## What needs to be done
Return every entry below exactly as written, minus the pictures.

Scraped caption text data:
====
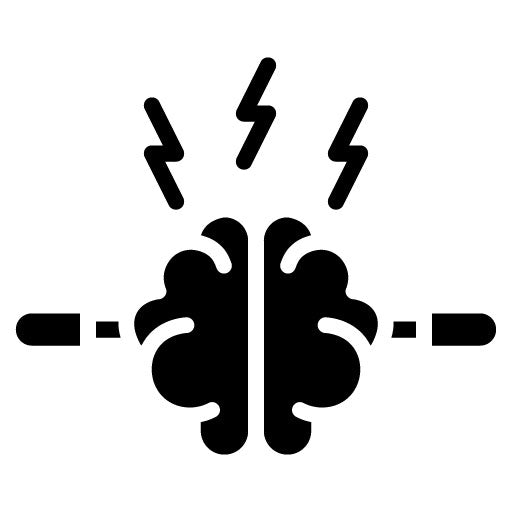 Electroconvulsive Therapy Glyph Icon
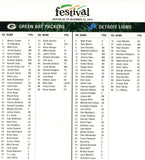 Dave Robinson Autographed Green Bay Packers 8x7 Fan Appreciation Card BAS 57226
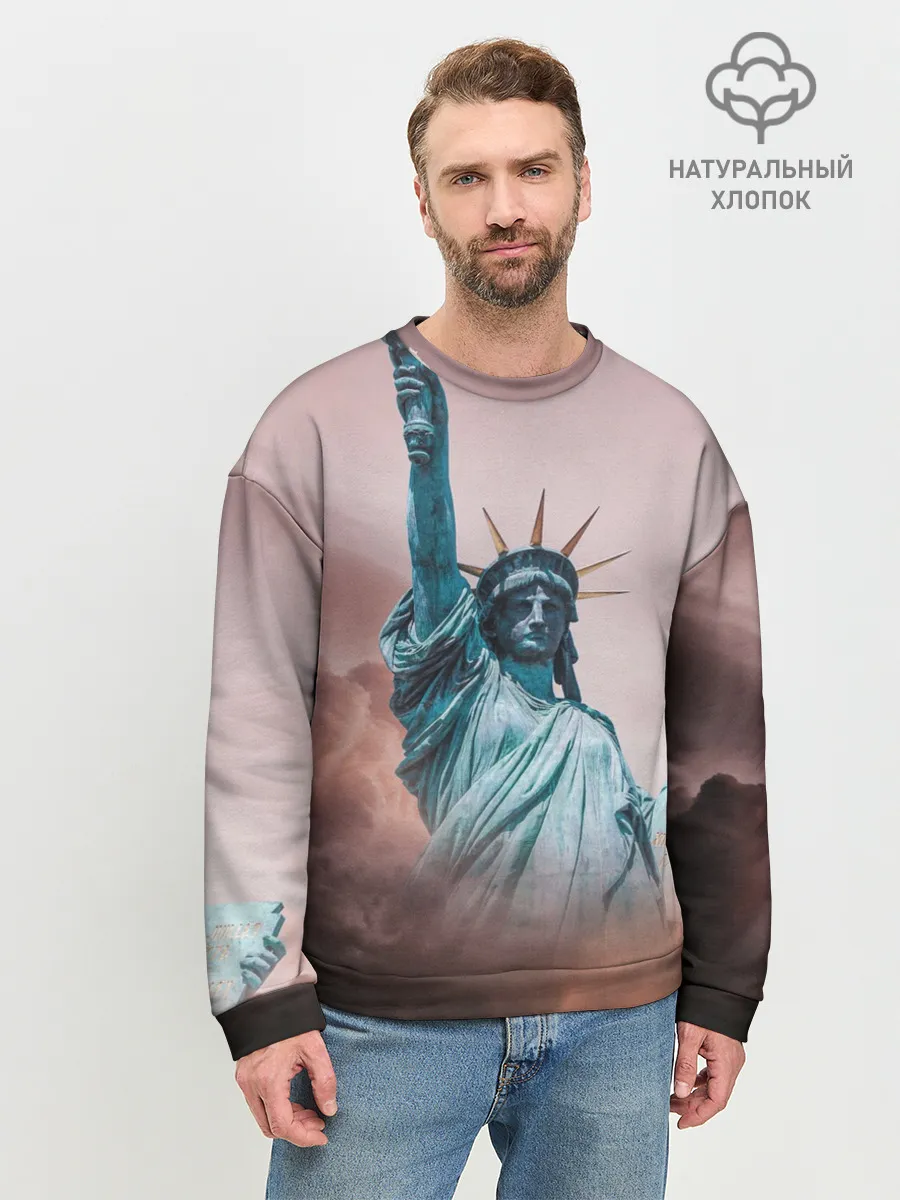 Мужской свитшот базовый / Статуя свободы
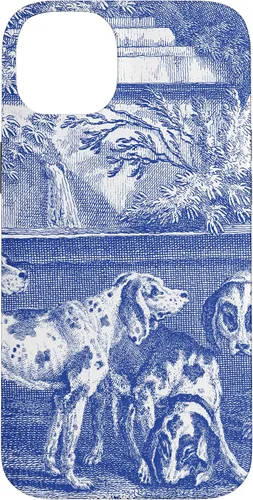 Vista 15 de Vintage Blue French Toile Hound Dogs Case for iPhone 16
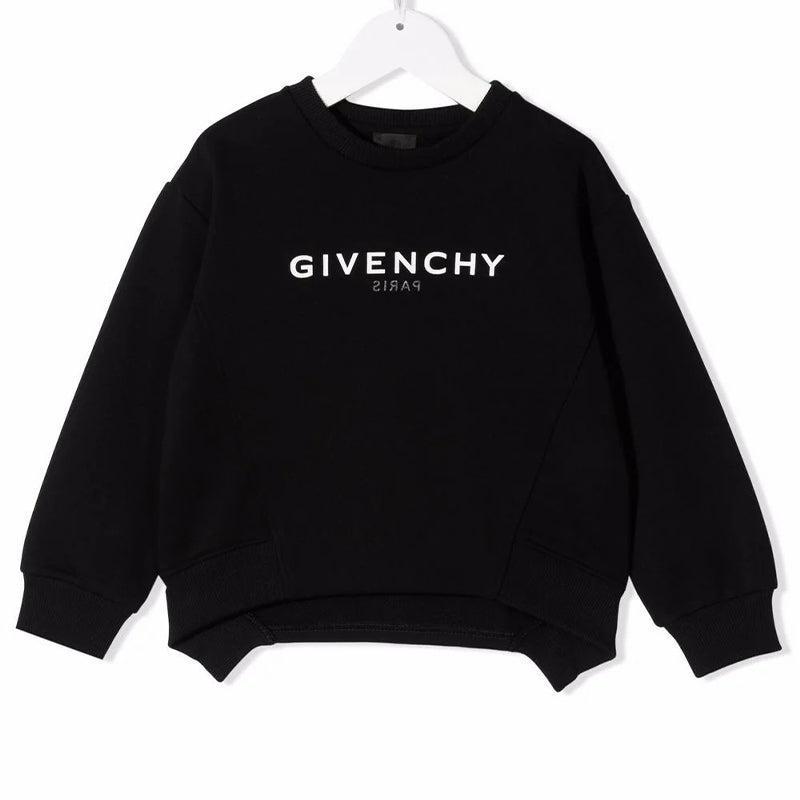 商品Givenchy|大童款 黑色圆领logo印花卫衣【香港仓极速发货】,价格¥1620,第1张图片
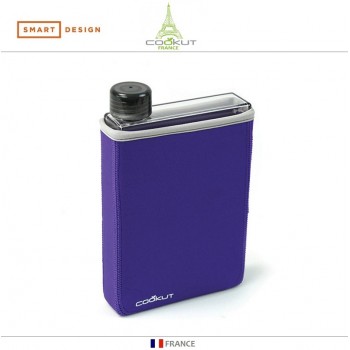 Фляга MANTA для воды в чехле, 400 мл, цвет фиолетовый, COOKUT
====
## Exercise output
 Electroconvulsive Therapy Glyph Icon
 Dave Robinson Autographed Green Bay Packers 8x7 Fan Appreciation Card BAS 57226
 Мужской свитшот базовый / Статуя свободы
 Vista 15 de Vintage Blue French Toile Hound Dogs Case for iPhone 16
 商品Givenchy|大童款 黑色圆领logo印花卫衣【香港仓极速发货】,价格¥1620,第1张图片
 Фляга MANTA для воды в чехле, 400 мл, цвет фиолетовый, COOKUT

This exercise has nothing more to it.